Iranian President Mahmoud Ahmadinejad’s letter to President Bush [.pdf] was remarkable, in that it was the first time the leader of Iran has sought to engage the leader of the United States since the Iranian revolution.


Unfortunately, the letter was tainted by the fact that it was sort of loopy, to put it charitably. The Wall Street Journal editorial page compared it — fairly — to the Unabomber’s manifesto. And Mr. Ahmadinejad has a particularly nasty habit of sprinkling Holocaust revisionism and bombastic rhetoric about Israel into every speech he makes.


Unsurprisingly, the Bush administration dismissed the letter, pointing out that it does little to get at the range of substantive issues that divides our two countries. Still, there were some observers who thought that the fact that Ahmadinejad took the step — let alone the fact that he has jetted to Malaysia to declare that Iran “is ready to engage in dialogue with anybody [except Israel]” and that “there are no limits to our dialogue” — represented an opening. But the bizarre tone and lack of substance in the letter sowed grave doubts for some about the prospects for defusing the crisis.

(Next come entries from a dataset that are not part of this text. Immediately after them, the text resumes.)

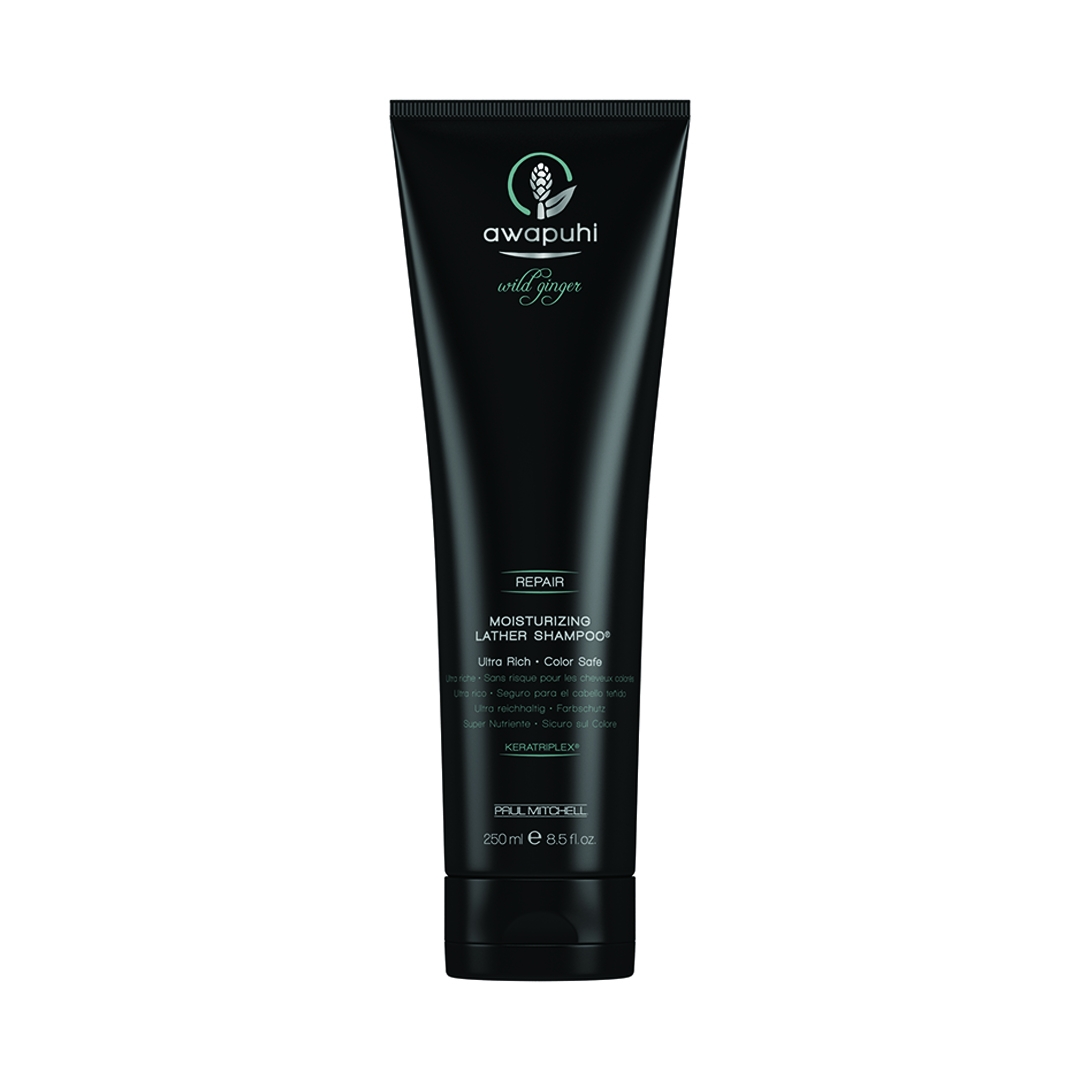 Moisturizing Lather Shampoo 250ml – Paul Mitchell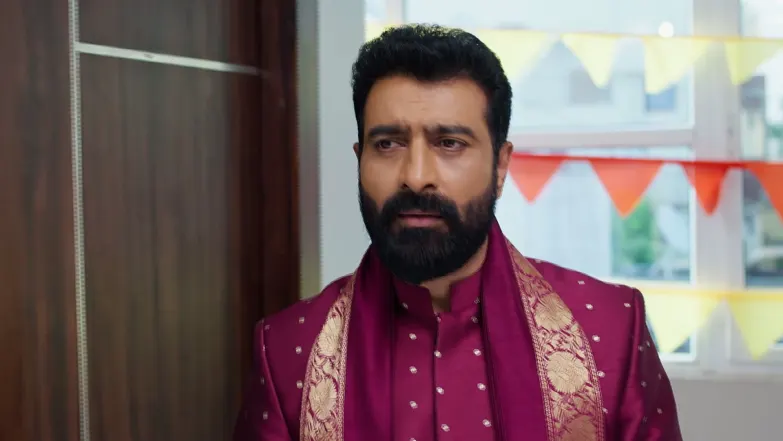 The Priest Tells Rudra about Ganga’s Horoscope Episode 325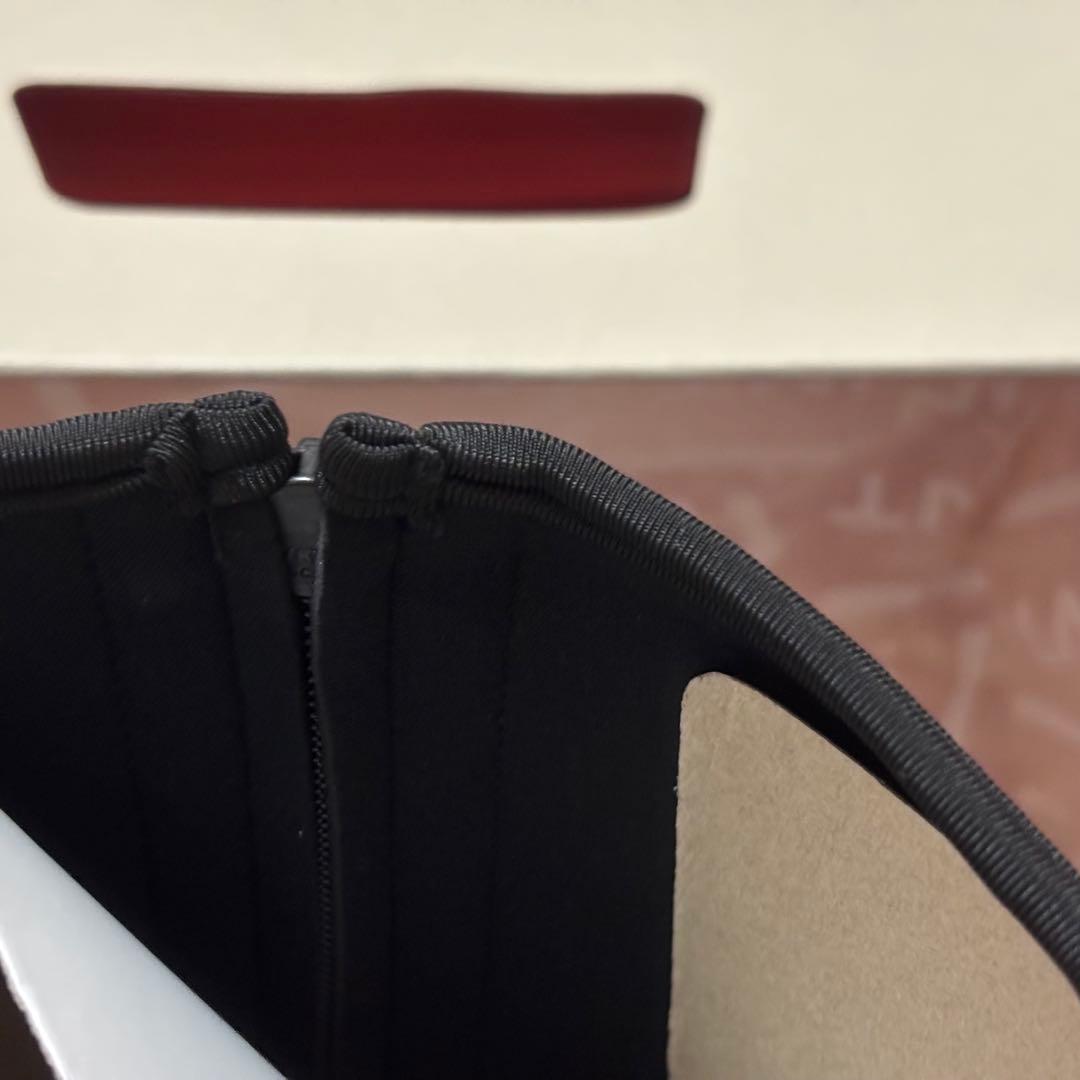 HUNTER レディース 長靴 ブラック UK6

Fortunately, the Iranians appear to have cribbed their strategy from Nikita Khrushchev, sending a second, non-nutty letter to Time magazine for dissemination in the West. In that letter, Hassan Rohani, a representative of the Supreme Leader Ayatollah Ali Khameini, makes a serious proposal that holds a much better prospect as a starting point for negotiations — and for standing back from the brink of war.


The deal Rohani offers is not very close to the Bush administration’s current demands, but in the course of trying to get to the negotiating table, the opening salvos don’t often resemble the final deals.


We should definitely reply to Mr. Rohani’s letter. Hawks are right to point out that we don’t want to get rope-a-doped here: We don’t want to enter into endless negotiations with the Iranians that go nowhere and just allow them to play for time. That’s why, if we want to find out what their intentions are, we should offer them a serious deal, and see how they respond.


If the Iranians are at all willing to give up their drive toward nuclear weapons in return for normalizing our relationship (including our promising not to attempt “regime change”), it is definitely, absolutely worth making a serious effort to get that deal.